▸ **GIVEN RECORDS**
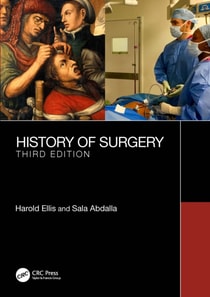 History of Surgery
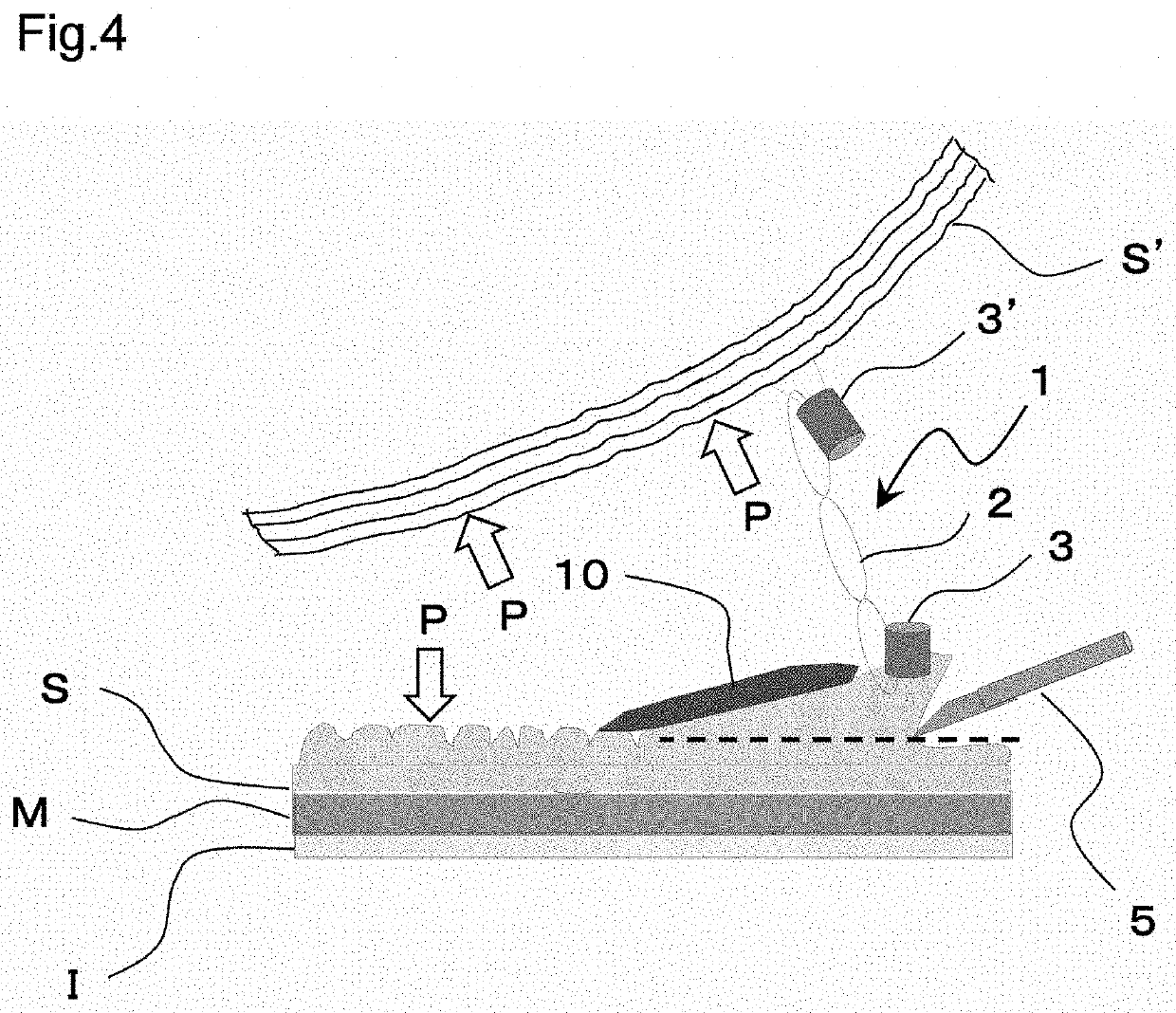 Detachable multi-ring traction device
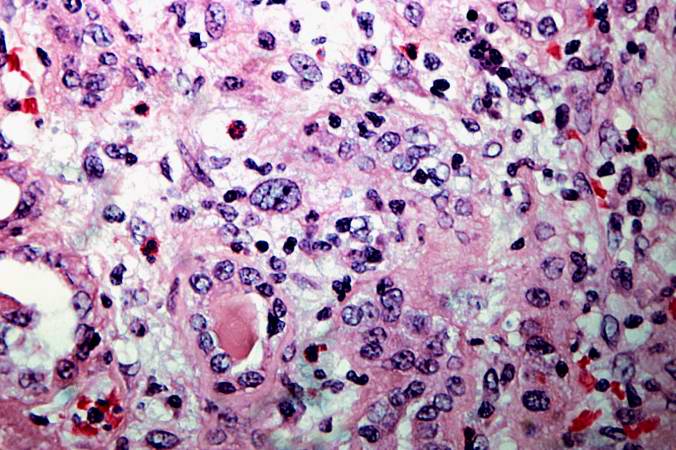 This is a high-power photomicrograph of renal cortex with cellular infiltrate and few remaining renal tubules. The cellular infiltrate comprises macrophages, activated (large) lymphocytes and a few neutrophils and plasma cells.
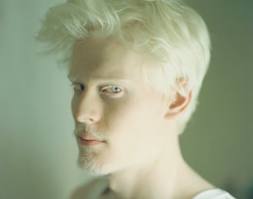 http://3.bp.blogspot.com/-2R1TO2ubyiE/T2Jdw8ntpSI/AAAAAAAAB0g/KvcBcegHBdY/s1600/hombre+albinismo.jpg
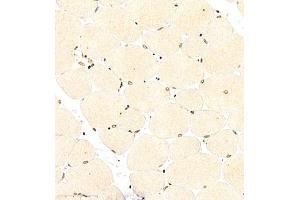 Immunohistochemistry of paraffin embedded mouse Skeletal muscle using CITED4 (ABIN7073356) at dilution of 1:2200 (400x lens)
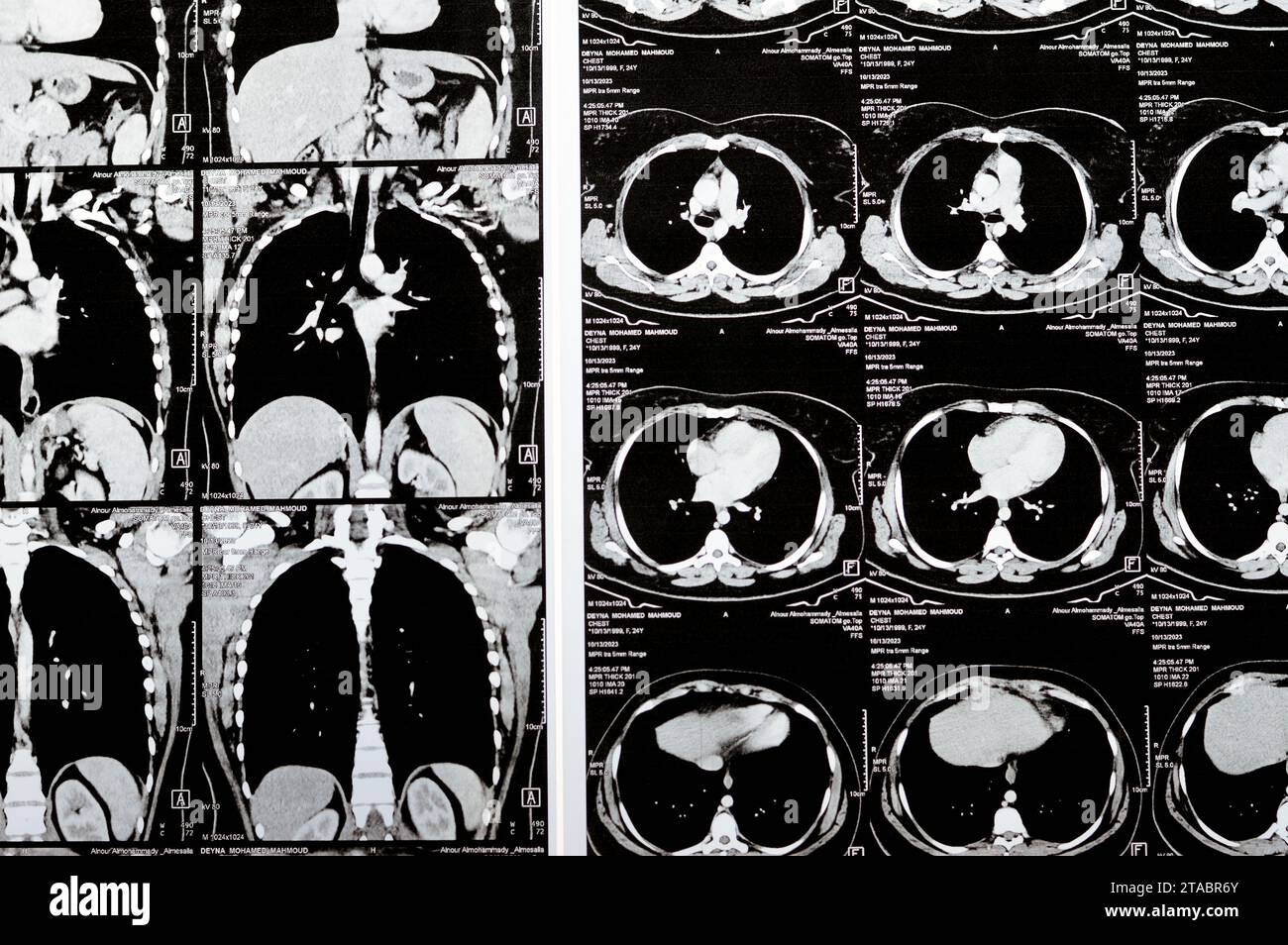 Le Caire, Égypte, octobre 15 2023 : tomodensitométrie en coupes axiales à travers le thorax avec injection de produit de contraste montrant un faible degré de réaction inflammatoire, esv parenchymateuse Banque D'Images
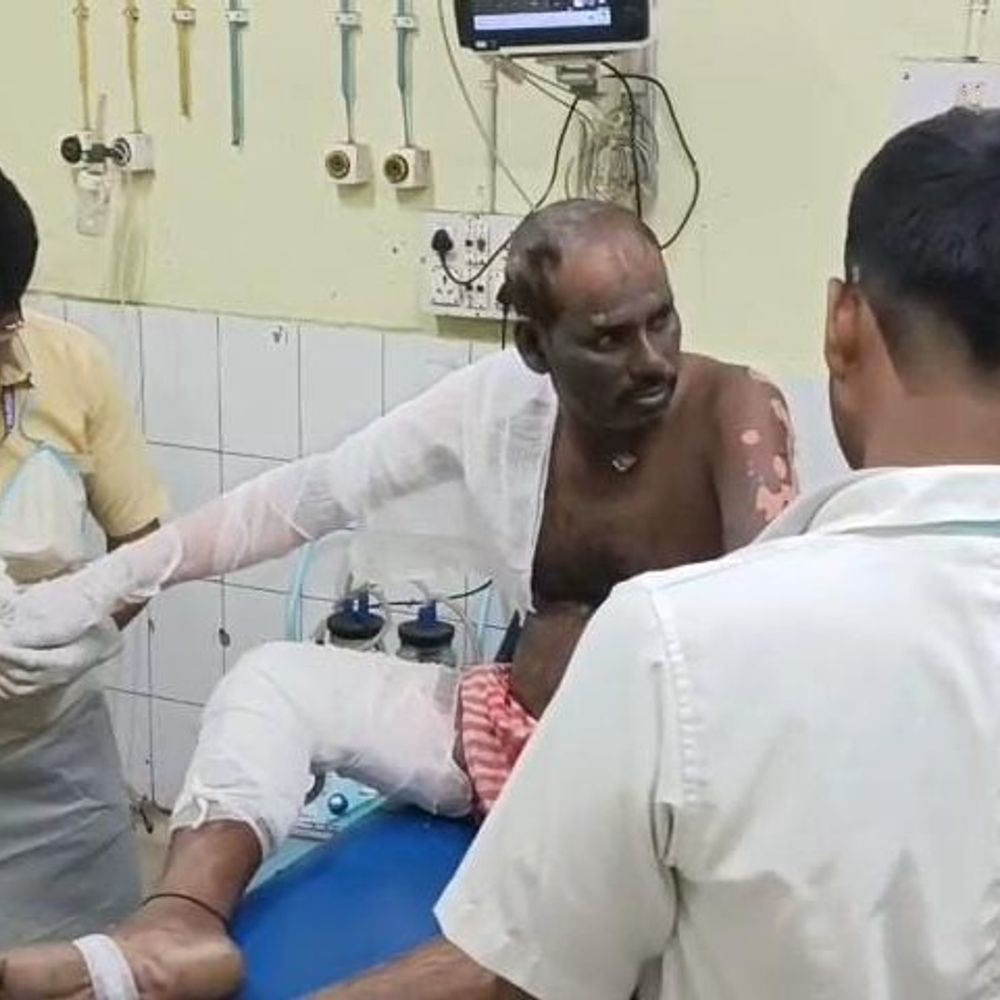 धनबाद के पाथरडीह कोल वाशरी में वेल्डिंग मशीन फटी:हादसे में तीन मजदूर झुलसे, अस्पताल में कराए गए भर्ती; मेंटेनेंस के दौरान हुई घटना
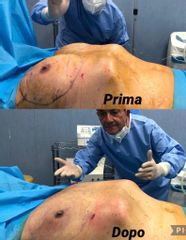 Liposuzione - Dott. Giovanni Gallo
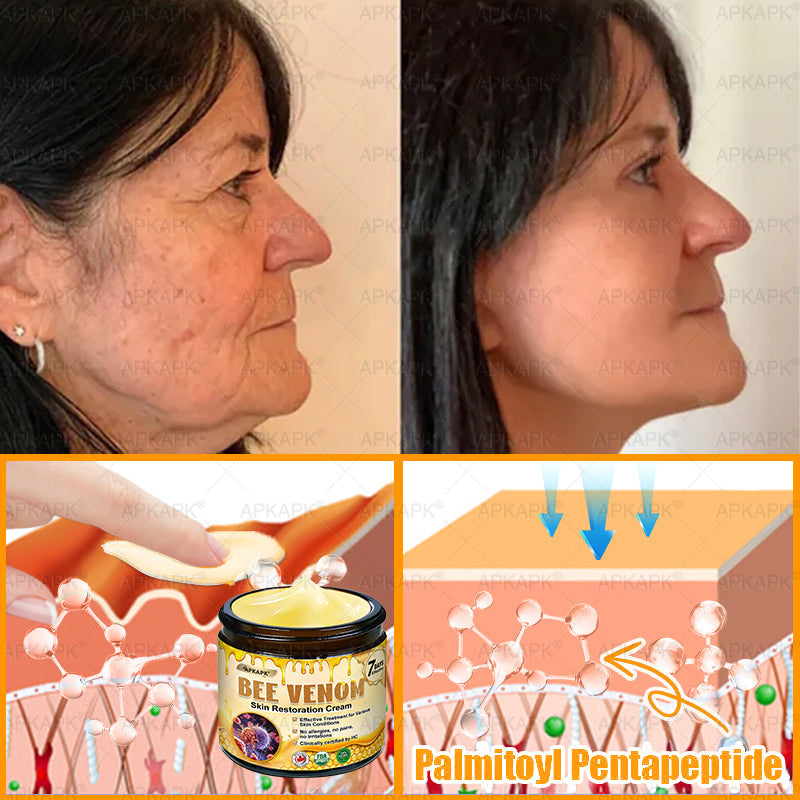 𝐌𝐚𝐝𝐞 𝐚𝐧𝐝 𝐒𝐡𝐢𝐩𝐩𝐞𝐝 𝐟𝐫𝐨𝐦 𝐂𝐀✨𝖠𝖯𝖪𝖠𝖯𝖪® 𝖡𝖾𝖾 𝗏𝖾𝗇𝗈𝗆 𝖲𝗄𝗂𝗇 𝖱𝖾𝗌𝗍𝗈𝗋𝖺𝗍𝗂𝗈𝗇 𝖢𝗋𝖾𝖺𝗆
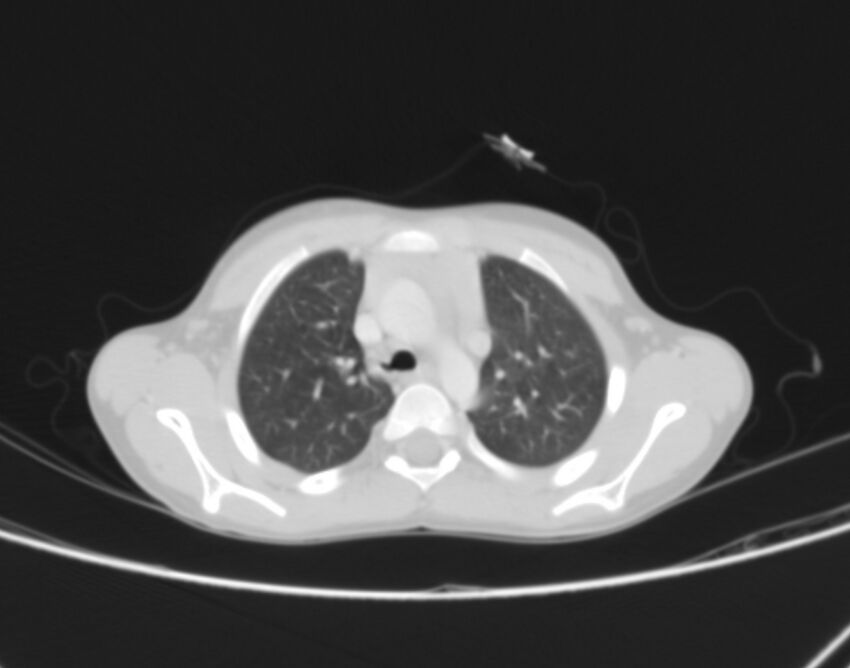 Bronchus suis (Radiopaedia 68131-77620 Axial lung window 13).jpg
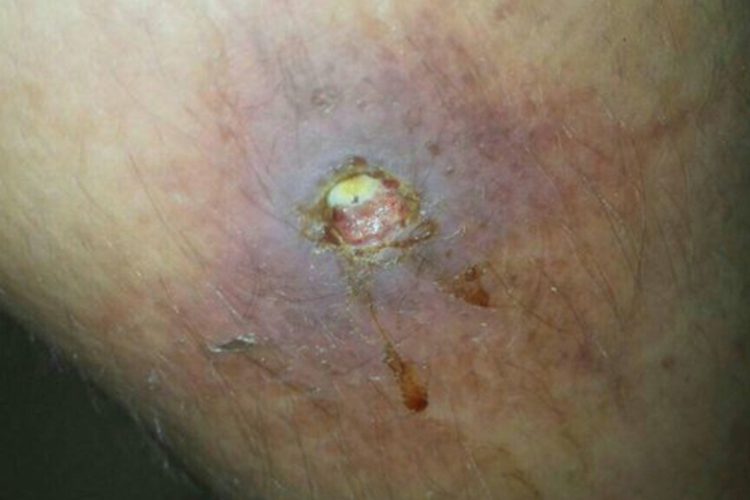 肌肉注射感染图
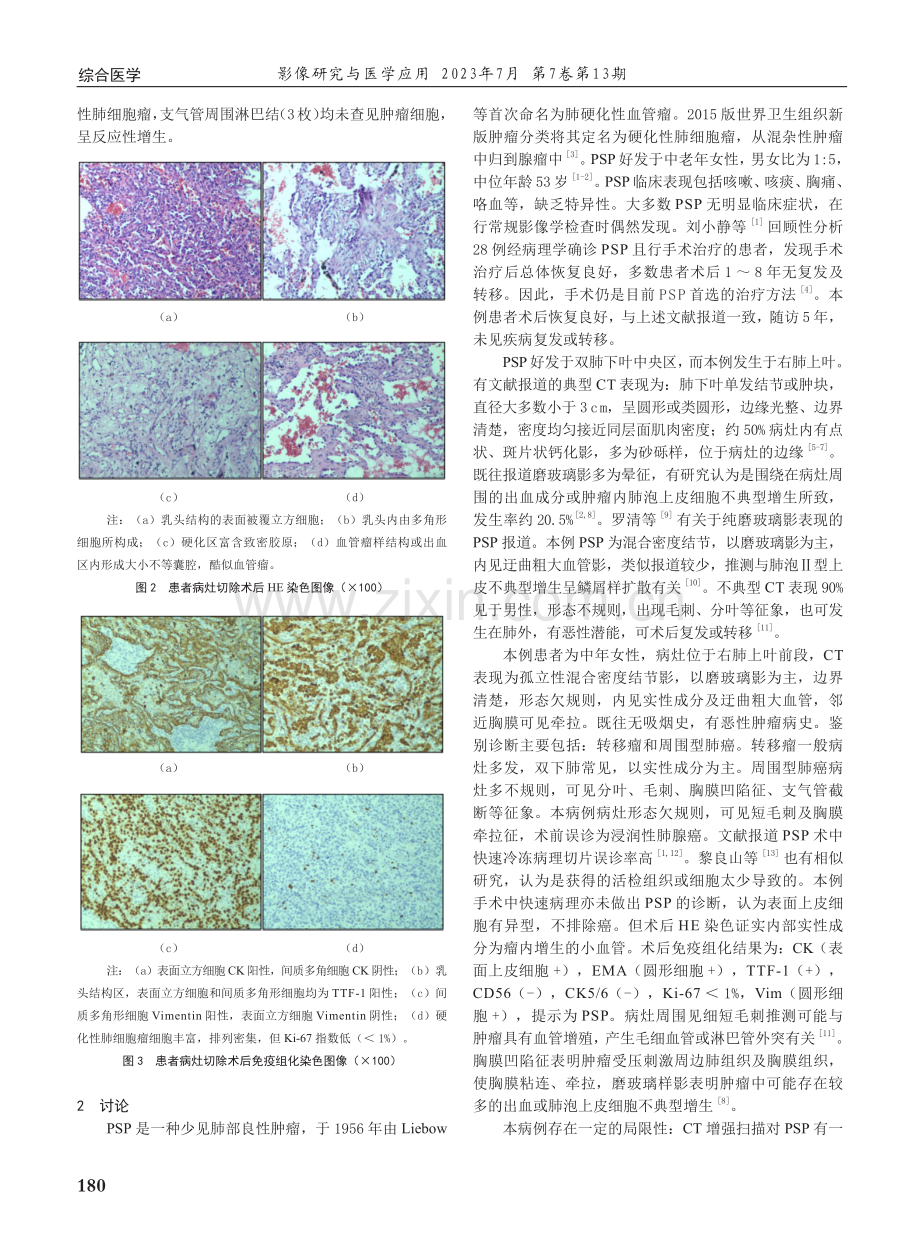 硬化性肺细胞瘤1例不典型CT表现.pdf_第2页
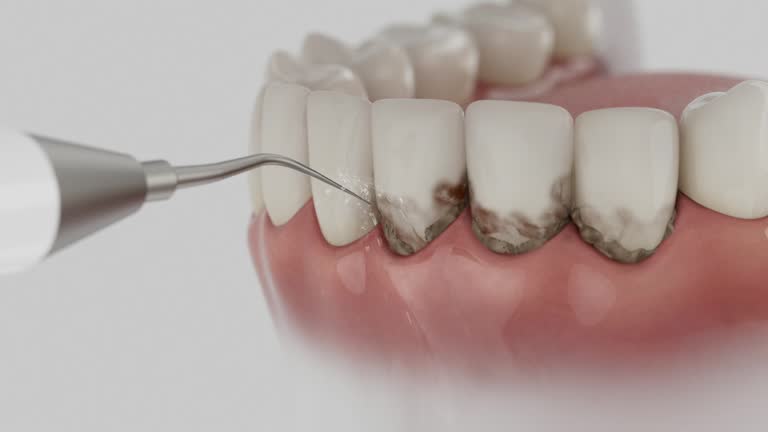 Reliable Emergency Dentist contractor in Lexington, MO by Smile Center Dentistry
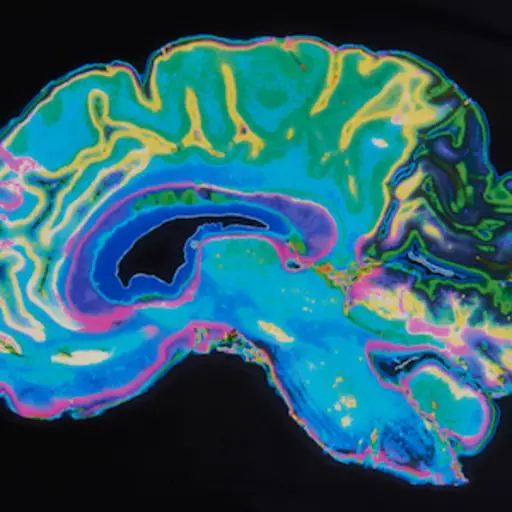 MRI brain scan image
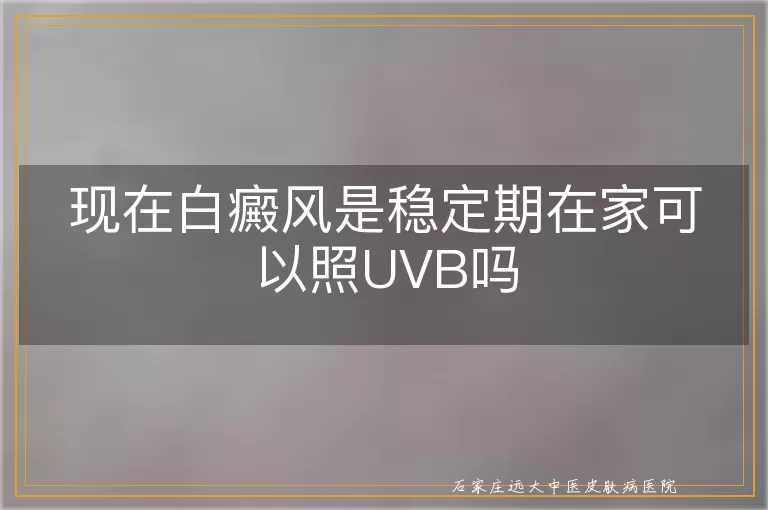 现在白癜风是稳定期在家可以照UVB吗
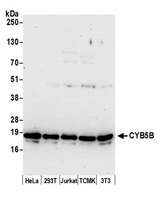 CYB5B Antibody - Detection of human and mouse CYB5B by western blot. Samples: Whole cell lysate (15 µg) from HeLa, HEK293T, Jurkat, mouse TCMK-1, and mouse NIH 3T3 cells prepared using NETN lysis buffer. Antibody: Affinity purified rabbit anti-CYB5B antibody used for WB at 0.1 µg/ml. Detection: Chemiluminescence with an exposure time of 30 seconds.
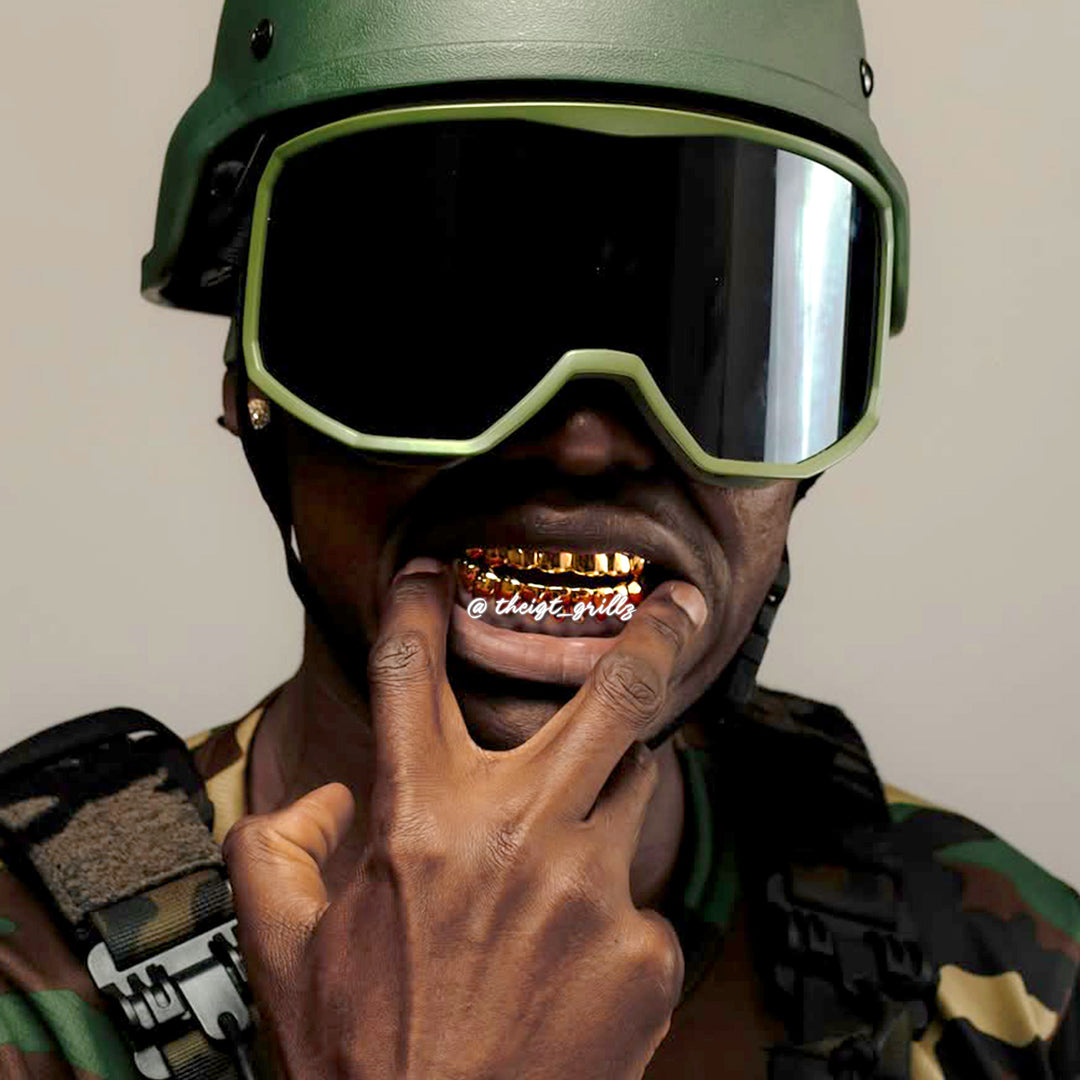Custom Polished Yellow Gold Grillz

▸ **WHAT IS NEEDED**
Pictures aside, transcribe exactly the lines from the line containing "现在白癜风是稳定期在家可以照UVB吗" through the final line of the material above.

▸ **ANSWER SECTION**
 现在白癜风是稳定期在家可以照UVB吗
 CYB5B Antibody - Detection of human and mouse CYB5B by western blot. Samples: Whole cell lysate (15 µg) from HeLa, HEK293T, Jurkat, mouse TCMK-1, and mouse NIH 3T3 cells prepared using NETN lysis buffer. Antibody: Affinity purified rabbit anti-CYB5B antibody used for WB at 0.1 µg/ml. Detection: Chemiluminescence with an exposure time of 30 seconds.
Custom Polished Yellow Gold Grillz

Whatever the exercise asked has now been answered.